MONDIALI 2026
Fa male, e non poco
Pubblicato il 01.06.2026 03:13
di Alessandro Tamburini
Vasco Rossi tra le sue canzoni recitava: “E va bene così, senza parole”. Vien voglia di chiudere il pezzo così, andare a “nanna” e non pensarci, sapendo che in fondo è solo sport. Ma non è così.
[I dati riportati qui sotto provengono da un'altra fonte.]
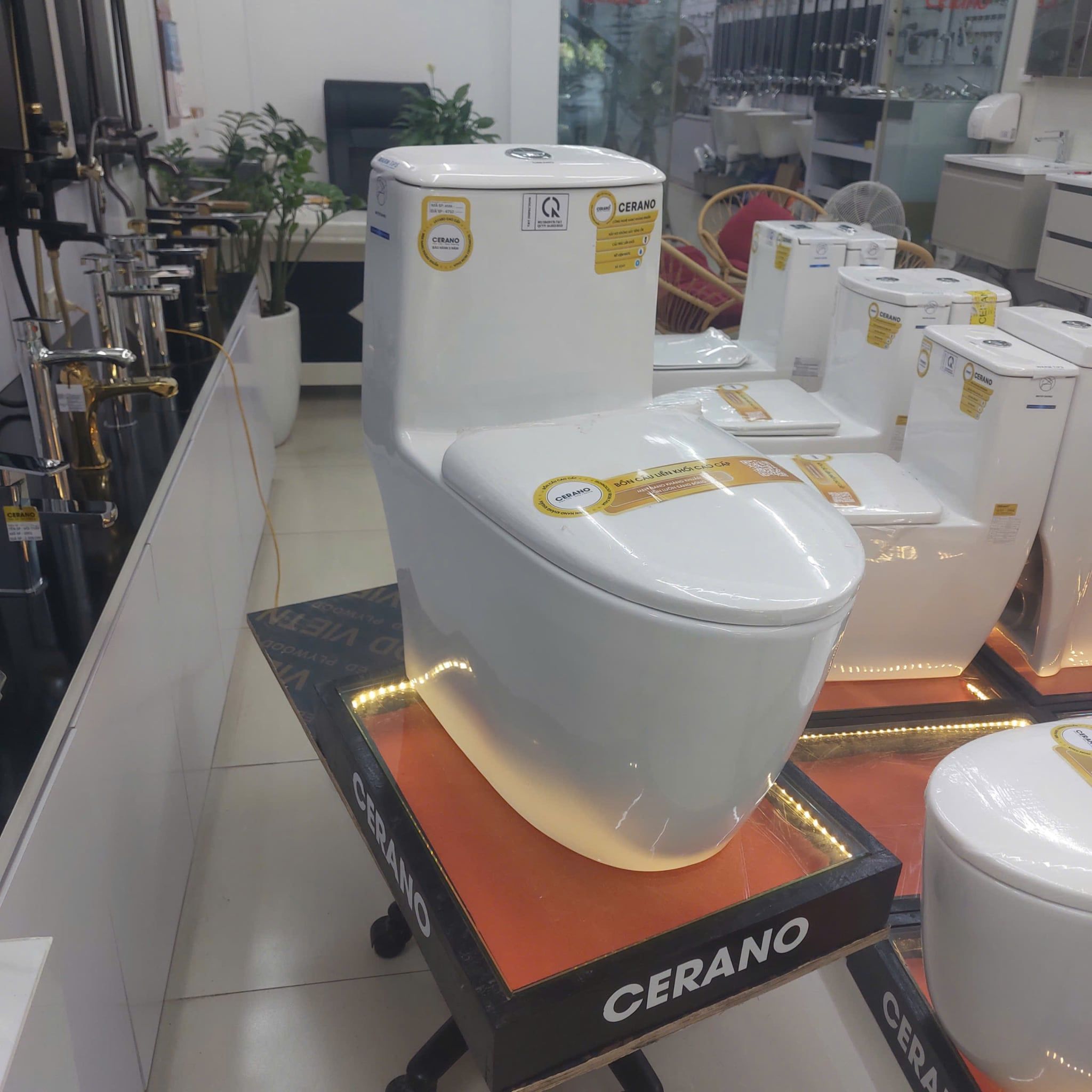  Bồn Cầu Liền Khối Cerano Mã 6566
Non va bene così, è una grossa delusione la quinta finale persa su cinque, soprattutto in casa e nell’anno olimpico dove mancavano molte star della NHL. Come alle Olimpiadi pochi mesi or sono ci ha battuto la Finlandia al supplementare, ma non quella di Rantanen e Aho, una nazionale che potevamo e dovevamo battere. Troppo timidi nei primi 30 minuti, incapaci di sfruttare 2 minuti in 5 contro 3, poi cresciuti ed a tratti dominanti, ma senza trovare il goal. Tre finali in tre anni e zero reti segnate, è questo il sunto di cosa ci è mancato. In un mondiale dove persino la Norvegia è andata a medaglia, giocando in casa, abbiamo steccato sul più bello, contro una certamente bella Finlandia, ma non imbattibile. Tanta l’amarezza. Tanta la delusione. Tanta persino la rabbia sportiva. Patrick Fischer dopo la sconfitta del 2018 mi disse nel cammino verso la sala stampa “quando capiterà di nuovo?”. È capitato tre volte in tre anni, ma quest’anno eravamo in casa e brucia ancor di più. Manca e si strozza in gola quel “campioni del mondo” che ogni cronista avrebbe voluto gridare nella sua lingua in un paese poliglotta. Fa male. Parecchio. Allo stato attuale è troppo presto per capire se è la fine di un ciclo (Josi, Niederreiter,…), troppo presto per fare delle vere analisi. Prevale l’amarezza e la delusione, la consapevolezza che questo era il “nostro” mondiale da vincere. Tutto si era allineato. Mondiale in casa nell’anno olimpico, tante avversarie senza top players, euforia, gran bel gioco, nove vittorie filate. Ne è mancata una. La più importante. La finale. E fa male.